Straczynski Unplugged: The Fantasies of J Michael Straczynski, is a collection of eleven short stories written between 1989 and 2003. Some of these are tales of the New Twilight Zone. There is an amusing but poignant Introduction wherein JMS describes some of his problems with himself and other people.
Say Hello Mr Quigley:
When her parents die, Liz returns to the childhood home she fled from aged fifteen. Deep-rooted, terrifying memories are brought to the present when she discovers Mr Quigley, a three-foot stuffed toy jester. It was given to her to act as protection but did nothing but stare blankly as she suffered abuse. By association, it was evil; it had let her down. When she finds warnings chalked on the walls and hears the jester’s bells at night, liz thinks she is going mad. But what if it is Mr Quigley? And if so, why does it want her out of the house?

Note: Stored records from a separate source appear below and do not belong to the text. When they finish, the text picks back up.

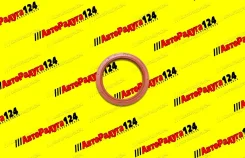 ������� ��������� ��� �������� (406 ��. ) (55*70*8 ��) [440.302] (Elring) 440302 ����
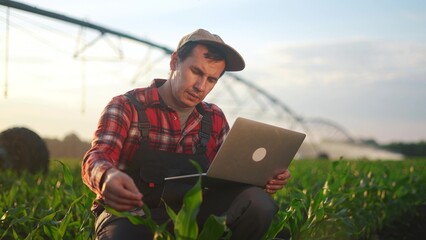 Poster - corn agriculture. a male farmer works on a laptop in a field with green corn sprouts. corn is watered by lifestyle irrigation machine. irrigation agriculture business concept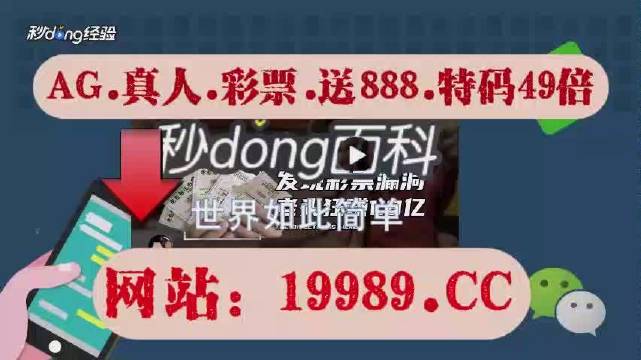 2024新澳门天天开奖攻略,实时解答解释定义_S27.69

After a slow start, Straczynski’s vivid imagination soon slaps you around the face. Everything is so clear and visual in your head. This is an emotional journey for Liz, but the real star here is the stuffed jester, which is both creepy and threatening. Although there is only the barest description of Mister Quigley, you somehow know exactly what it looks like. There is a nice revelatory twist too.
Dream Me a Life:
Roger is a resident in an old people’s home. Ever since his wife died, he is short tempered. Nobody has any time for him except Frank, who ignores his temper and treats him like a good friend. Roger is plagued by nightmares in which an elderly woman begs, terrified, for his help in keeping something unknown from breaking through a door. The door splinters and shakes in the frame. The nightmares continue relentlessly until Roger is afraid to sleep. Then a new resident arrives. It is the woman from his dreams, but she is in a wheelchair and stares sightlessly into space. They say she hasn’t spoken a word since her husband died ten years before. Roger realises that to discover the truth and help his own outlook on life he will need to confront the force at the door.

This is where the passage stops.